Task instructions
Look in the material below for the line with "Basic arithmetic buttons" and the line with "Gold Vermeil and Black Silk Woven Bracelet", then set down exactly those two lines and all lines between, nothing more.

◆ ◆ ◆

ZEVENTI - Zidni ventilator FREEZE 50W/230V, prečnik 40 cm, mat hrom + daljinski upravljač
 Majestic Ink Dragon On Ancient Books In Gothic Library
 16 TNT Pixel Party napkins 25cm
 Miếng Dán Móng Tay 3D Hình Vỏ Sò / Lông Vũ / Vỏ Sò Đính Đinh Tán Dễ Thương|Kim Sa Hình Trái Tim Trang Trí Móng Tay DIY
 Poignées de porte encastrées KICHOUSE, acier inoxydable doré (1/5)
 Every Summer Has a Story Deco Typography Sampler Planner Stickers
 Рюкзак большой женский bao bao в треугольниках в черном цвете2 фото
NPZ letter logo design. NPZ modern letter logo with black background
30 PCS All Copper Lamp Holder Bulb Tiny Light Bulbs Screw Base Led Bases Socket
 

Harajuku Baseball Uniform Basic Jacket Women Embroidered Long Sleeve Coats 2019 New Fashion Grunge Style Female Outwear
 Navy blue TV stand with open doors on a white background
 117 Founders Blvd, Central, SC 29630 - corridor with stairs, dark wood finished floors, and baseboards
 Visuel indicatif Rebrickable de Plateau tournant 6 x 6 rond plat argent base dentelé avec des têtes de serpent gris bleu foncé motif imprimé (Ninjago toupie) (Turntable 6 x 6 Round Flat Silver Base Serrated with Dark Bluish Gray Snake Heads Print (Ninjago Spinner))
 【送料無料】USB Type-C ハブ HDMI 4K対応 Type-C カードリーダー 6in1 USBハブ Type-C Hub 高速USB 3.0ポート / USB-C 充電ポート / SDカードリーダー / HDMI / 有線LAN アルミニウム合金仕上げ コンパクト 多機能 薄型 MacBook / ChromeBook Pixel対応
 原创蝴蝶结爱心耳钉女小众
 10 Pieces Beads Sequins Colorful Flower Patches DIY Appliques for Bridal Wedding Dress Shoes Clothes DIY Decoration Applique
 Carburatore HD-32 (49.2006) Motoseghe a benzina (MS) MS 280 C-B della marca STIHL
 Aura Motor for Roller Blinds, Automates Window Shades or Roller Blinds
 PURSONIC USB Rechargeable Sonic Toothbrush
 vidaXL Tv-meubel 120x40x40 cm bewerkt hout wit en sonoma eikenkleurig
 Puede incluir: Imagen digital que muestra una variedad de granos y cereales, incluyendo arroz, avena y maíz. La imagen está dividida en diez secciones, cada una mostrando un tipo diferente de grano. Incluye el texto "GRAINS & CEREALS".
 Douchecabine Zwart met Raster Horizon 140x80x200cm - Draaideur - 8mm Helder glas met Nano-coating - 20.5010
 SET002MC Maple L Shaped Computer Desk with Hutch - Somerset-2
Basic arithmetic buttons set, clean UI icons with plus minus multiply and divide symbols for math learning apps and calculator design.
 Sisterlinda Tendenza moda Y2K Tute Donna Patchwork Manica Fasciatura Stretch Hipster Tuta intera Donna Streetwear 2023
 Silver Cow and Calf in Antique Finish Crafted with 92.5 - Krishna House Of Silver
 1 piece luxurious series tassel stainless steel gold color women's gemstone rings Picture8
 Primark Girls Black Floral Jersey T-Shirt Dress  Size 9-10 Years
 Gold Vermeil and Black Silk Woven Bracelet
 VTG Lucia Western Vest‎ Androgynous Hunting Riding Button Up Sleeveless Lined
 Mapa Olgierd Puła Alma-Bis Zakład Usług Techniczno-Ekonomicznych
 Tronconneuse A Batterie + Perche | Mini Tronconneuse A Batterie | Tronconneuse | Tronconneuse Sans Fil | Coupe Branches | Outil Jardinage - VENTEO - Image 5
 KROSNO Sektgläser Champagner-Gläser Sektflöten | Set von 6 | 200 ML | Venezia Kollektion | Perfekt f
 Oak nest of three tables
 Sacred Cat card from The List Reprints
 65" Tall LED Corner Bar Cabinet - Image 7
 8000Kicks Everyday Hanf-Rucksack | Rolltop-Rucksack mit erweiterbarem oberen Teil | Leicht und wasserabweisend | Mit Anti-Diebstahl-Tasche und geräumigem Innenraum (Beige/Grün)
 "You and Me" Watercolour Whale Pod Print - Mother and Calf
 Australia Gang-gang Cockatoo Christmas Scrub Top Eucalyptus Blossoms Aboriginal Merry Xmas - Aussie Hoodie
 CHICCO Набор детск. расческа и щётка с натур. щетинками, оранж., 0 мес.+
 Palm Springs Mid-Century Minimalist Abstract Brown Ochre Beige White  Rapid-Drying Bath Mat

◆ ◆ ◆

Result
Basic arithmetic buttons set, clean UI icons with plus minus multiply and divide symbols for math learning apps and calculator design.
 Sisterlinda Tendenza moda Y2K Tute Donna Patchwork Manica Fasciatura Stretch Hipster Tuta intera Donna Streetwear 2023
 Silver Cow and Calf in Antique Finish Crafted with 92.5 - Krishna House Of Silver
 1 piece luxurious series tassel stainless steel gold color women's gemstone rings Picture8
 Primark Girls Black Floral Jersey T-Shirt Dress  Size 9-10 Years
 Gold Vermeil and Black Silk Woven Bracelet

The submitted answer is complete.